▸ Problem to work on
Among the entries below, find the line with "People Character Winner", then quote it and each following line up to and including the line with "Joseph Abboud Men's", and nothing else.
[[ Given data open ]]
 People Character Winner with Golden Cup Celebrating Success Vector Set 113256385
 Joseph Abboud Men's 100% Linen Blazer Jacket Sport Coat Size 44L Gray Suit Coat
[[ Given data closed ]]
[[ Given data open ]]
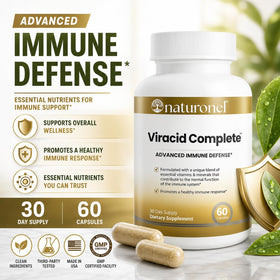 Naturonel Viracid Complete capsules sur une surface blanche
[[ Given data closed ]]
▸ Solved exercise
 People Character Winner with Golden Cup Celebrating Success Vector Set 113256385
 Joseph Abboud Men's 100% Linen Blazer Jacket Sport Coat Size 44L Gray Suit Coat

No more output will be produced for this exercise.